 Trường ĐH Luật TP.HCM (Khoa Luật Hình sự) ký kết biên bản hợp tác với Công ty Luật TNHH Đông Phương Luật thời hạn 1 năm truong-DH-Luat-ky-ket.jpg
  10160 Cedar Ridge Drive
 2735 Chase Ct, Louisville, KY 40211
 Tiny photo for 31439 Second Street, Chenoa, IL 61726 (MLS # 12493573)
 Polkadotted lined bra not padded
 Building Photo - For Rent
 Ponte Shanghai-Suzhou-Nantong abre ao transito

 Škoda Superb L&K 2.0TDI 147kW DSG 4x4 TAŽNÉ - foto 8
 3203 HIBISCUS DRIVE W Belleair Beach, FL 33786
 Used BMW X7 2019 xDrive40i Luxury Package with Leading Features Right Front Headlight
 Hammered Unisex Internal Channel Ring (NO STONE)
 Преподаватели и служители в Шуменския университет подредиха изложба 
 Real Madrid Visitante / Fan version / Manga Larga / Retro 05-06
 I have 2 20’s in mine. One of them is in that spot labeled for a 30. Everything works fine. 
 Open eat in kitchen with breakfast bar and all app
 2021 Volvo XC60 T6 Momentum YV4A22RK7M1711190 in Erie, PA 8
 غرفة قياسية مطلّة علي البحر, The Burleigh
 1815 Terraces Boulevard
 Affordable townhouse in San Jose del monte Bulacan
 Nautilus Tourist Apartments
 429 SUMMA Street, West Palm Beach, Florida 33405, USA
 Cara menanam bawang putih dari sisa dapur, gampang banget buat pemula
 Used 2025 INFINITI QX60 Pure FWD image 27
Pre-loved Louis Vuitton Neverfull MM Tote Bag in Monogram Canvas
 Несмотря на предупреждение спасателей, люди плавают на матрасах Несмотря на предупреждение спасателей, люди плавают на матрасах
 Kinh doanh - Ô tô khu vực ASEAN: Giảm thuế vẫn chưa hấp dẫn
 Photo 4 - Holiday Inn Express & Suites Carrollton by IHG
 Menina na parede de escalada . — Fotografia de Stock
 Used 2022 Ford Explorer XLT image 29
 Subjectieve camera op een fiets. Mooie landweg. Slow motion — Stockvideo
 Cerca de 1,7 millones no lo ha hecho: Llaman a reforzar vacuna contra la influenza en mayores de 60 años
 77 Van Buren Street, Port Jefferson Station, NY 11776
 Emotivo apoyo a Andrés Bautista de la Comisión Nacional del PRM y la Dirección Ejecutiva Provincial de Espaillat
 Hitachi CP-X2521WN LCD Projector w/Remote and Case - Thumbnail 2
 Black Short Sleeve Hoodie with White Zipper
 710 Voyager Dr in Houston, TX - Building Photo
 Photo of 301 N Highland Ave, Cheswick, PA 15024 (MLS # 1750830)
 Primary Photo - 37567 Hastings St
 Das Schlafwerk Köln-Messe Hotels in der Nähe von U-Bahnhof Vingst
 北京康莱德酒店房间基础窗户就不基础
◇ ◇ ◇ ◇ ◇
For every line above that has "Used" in it, copy the line.

 Used BMW X7 2019 xDrive40i Luxury Package with Leading Features Right Front Headlight
 Used 2025 INFINITI QX60 Pure FWD image 27
 Used 2022 Ford Explorer XLT image 29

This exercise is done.